**DATA FOR THIS EXERCISE**
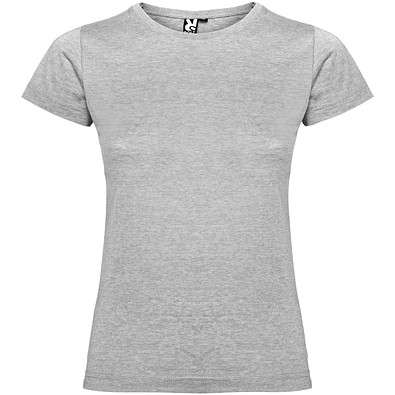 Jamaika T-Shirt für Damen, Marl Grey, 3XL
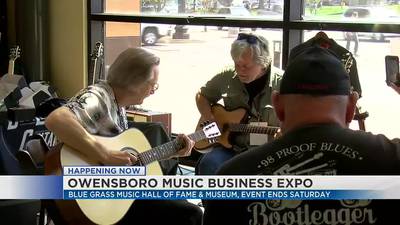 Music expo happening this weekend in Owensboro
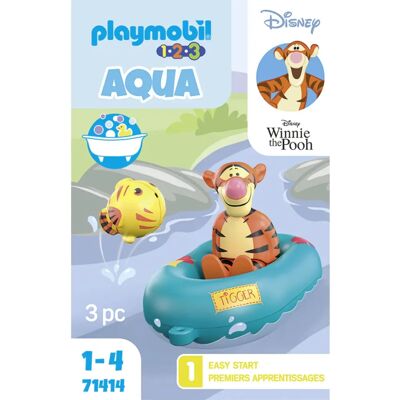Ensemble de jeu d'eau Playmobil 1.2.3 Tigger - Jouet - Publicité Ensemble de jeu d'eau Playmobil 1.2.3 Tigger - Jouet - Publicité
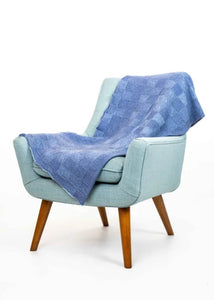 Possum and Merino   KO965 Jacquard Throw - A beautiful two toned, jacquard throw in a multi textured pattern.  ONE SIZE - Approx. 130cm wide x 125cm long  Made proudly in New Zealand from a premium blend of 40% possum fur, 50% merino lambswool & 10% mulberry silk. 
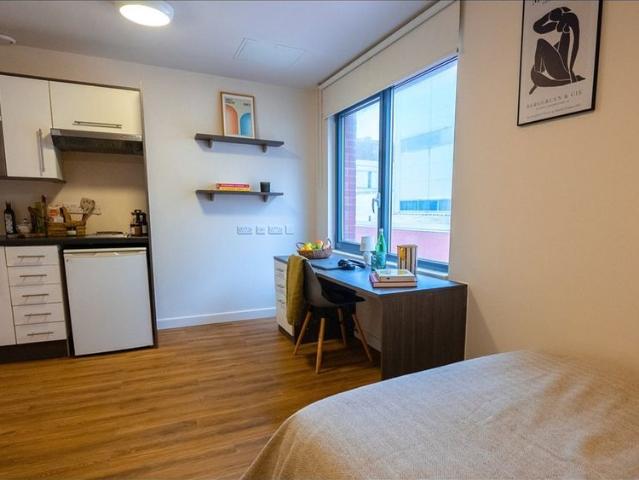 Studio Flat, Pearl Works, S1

**BRIEF**
In the copy, leave out all pictures, and retype exactly each line from the one with "Music expo happening" through the last line of the entries.

**EXERCISE SOLUTION**
 Music expo happening this weekend in Owensboro
Ensemble de jeu d'eau Playmobil 1.2.3 Tigger - Jouet - Publicité Ensemble de jeu d'eau Playmobil 1.2.3 Tigger - Jouet - Publicité
 Possum and Merino   KO965 Jacquard Throw - A beautiful two toned, jacquard throw in a multi textured pattern.  ONE SIZE - Approx. 130cm wide x 125cm long  Made proudly in New Zealand from a premium blend of 40% possum fur, 50% merino lambswool & 10% mulberry silk. 
 Studio Flat, Pearl Works, S1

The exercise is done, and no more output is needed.